A peine remis en selle après trois semaines d'incertitude, Pedro Passos Coelho a défendu la politique de rigueur qu'il mène sous la tutelle de ses créanciers internationaux en échange du prêt de 78 milliards accordé en mai 2011.
Loin de la juger excessive, comme le lui reprochent l'opposition de gauche voire même son partenaire de coalition, M. Passos Coelho a estimé que l'austérité était simplement "celle que nous imposent les circonstances".
Confirmant sa volonté de poursuivre dans la même voie, il a souligné la nécessité de promouvoir des "réformes profondes" et de "reconstruire la confiance en levant les doutes sur notre volonté de conclure notre programme d'assistance à la date prévue", en juin 2014.
Le Premier ministre est intervenu au lendemain de la décision du président Anibal Cavaco Silva de lui renouveler son appui, et de refuser les élections législatives anticipées que l'opposition de gauche réclame.
Le président avait souhaité dans un premier temps que les deux partis de la coalition au pouvoir et les socialistes concluent un "pacte de salut national". Mais cette proposition s'est soldée par un échec retentissant.
Même tardif, le soutien du président a été accueilli avec satisfaction par les marchés. Le taux d'emprunt à 10 ans du Portugal enregistrait une nette détente lundi matin, tandis que la Bourse de Lisbonne gagnait plus de 2%.
Les atermoiements de M. Cavaco Silva lui ont valu en revanche de sévères critiques au Portugal.
"Tout va rester comme avant alors que le pays a besoin d'un nouveau cap", a dit Alberto Martins, chef de la délégation du PS aux négociations avec les deux partis de la coalition.
Un gouvernement sous surveillance
Le président devrait vraisemblablement donner également son aval au remaniement ministériel que M. Passos Coelho lui a proposé.
Le Premier ministre a en effet décidé de promouvoir au rang de vice-Premier ministre Paulo Portas, chef du parti conservateur CDS-PP, dont la démission de son poste de ministre des Affaires étrangères avait déclenché la crise et mis en péril la survie de la coalition.

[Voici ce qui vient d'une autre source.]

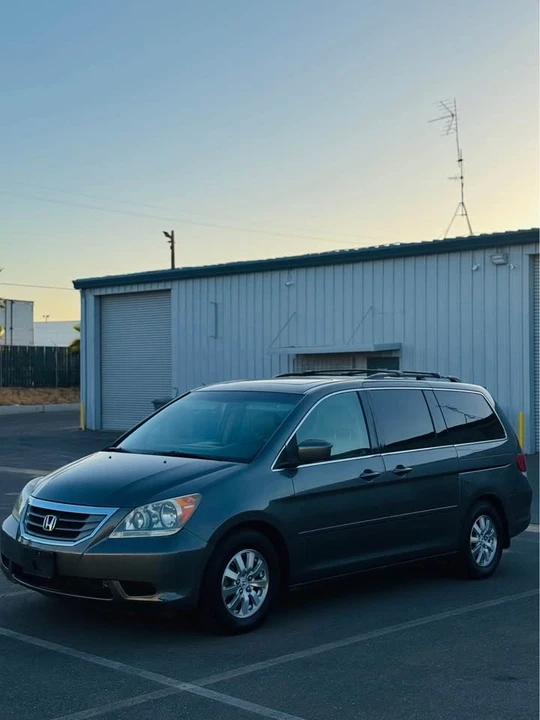 2008 Honda Odyssey - Image 2 of 10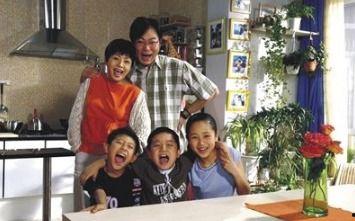 百看不腻吃瓜视频,揭秘热门视频背后的精彩故事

M. Cavaco Silva semble toutefois avoir mis le Premier ministre sous surveillance. "Je n'abdiquerai aucun des pouvoirs que la Constitution m'attribue", a-t-il dit, alors qu'il a toujours la possibilité de convoquer des élections législatives anticipées, même si son rôle est essentiellement protocolaire.
Le gouvernement "est maintenant sous la tutelle du président, en plus de celle dela 'troïka' (des créanciers), ce qui crée une instabilité permanente", a commenté le quotidien Diario de Noticias.

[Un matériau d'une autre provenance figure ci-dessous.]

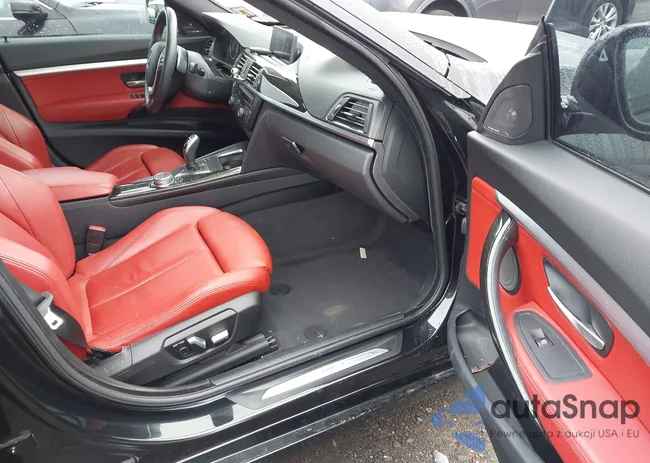 WBA3X9C5XGD869919: 41840646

En raison de la crise politique, la troïka (UE-FMI-BCE) a accepté de repousser jusqu'à fin août, début septembre sa prochaine évaluation des comptes du pays.
L'examen s'annonce d'autant plus ardu que le gouvernement s'est engagé à ramener d'ici la fin de l'année le déficit public à 5,5% du PIB. En raison des difficultés qu'il traverse, il pourrait demander un nouvel allégement de ses objectifs, le troisième depuis la mise en oeuvre du plan de sauvetage.
"A priori, la troïka devrait continuer de se montrer satisfaite des efforts de consolidation budgétaire du Portugal", a toutefois estimé René Defossez, stratégiste chez Natixis.
Le gouvernement doit également présenter aux bailleurs de fonds une réforme de l'Etat destinée à réduire les dépenses publiques de 4,7 milliards d'euros, un projet qui suppose des coupes drastiques susceptibles d'alimenter le mécontentement populaire.
"Le peuple portugais ne restera pas passif et toutes les formes de lutte sont possibles", a averti le chef de la CGTP, le principal syndicat portugais.